At least two migrant boats send distress calls
April 20, 2015Renzi said on Monday that ships from Italy and Malta were responding to distress calls from an inflatable life raft near the Libyan coast with 100 to 150 people aboard and to another boat with 300 people on board.
The International Organization for Migration (IOM) received a call at its Rome office on Monday from an unidentified person claiming to be on a sinking boat with 300 people on board, including 20 who had already died. The same caller said there was a total of three boats in distress.
According to Italian Premier Renzi, the ongoing rescue operations, coming after the deadly shipwreck this weekend, were evidence that smuggler's activities were intensifying and that Europe needed to unite to fight human trafficking in the Mediterranean. He added that Italy was studying the possibility of mounting "targeted interventions" against Libya-based people smugglers.
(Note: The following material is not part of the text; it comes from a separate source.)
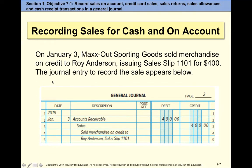If it's a sale on account — for example, on January 3rd we sold merchandise on credit to Roy Anderson and issued sales slip 1101 for $400 — you debit accounts receivable, credit sales, and mention the sales slip number in the description. That's the source document — nothing new.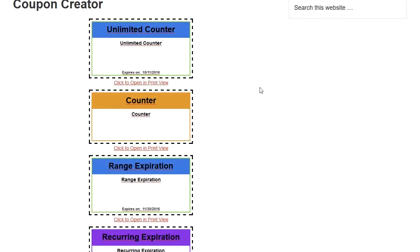Hi, this is a Coupon Creator overview video and it's going to go over what the Coupon Creator is and who might want to use it, as well as some premium features found in the Coupon Creator Pro.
Survivors from the fishing boat that had sunk on Saturday night said 950 people were on board. There were only 28 survivors. 24 bodies were recovered. Hopes of finding anyone alive are dwindling. A survivor said that about 300 migrants were locked in a hold by the smugglers and would have been trapped when the boat sank, according to Prosecutor Giovanni Salvi, who is conducting the investigation.
Police in southern Italy said they managed to break up a major human smuggling ring, detailing how the traffickers made money through illicit payments from desperate migrants willing to embark on the perilous sea journey to Europe.
Meanwhile, EU foreign and interior ministers are meeting in Luxembourg on Monday to discuss the migrant crisis in the Mediterranean. They will also discuss the situation in war-torn Libya, where up to 90 percent of the migrants begin their sea journey to Europe.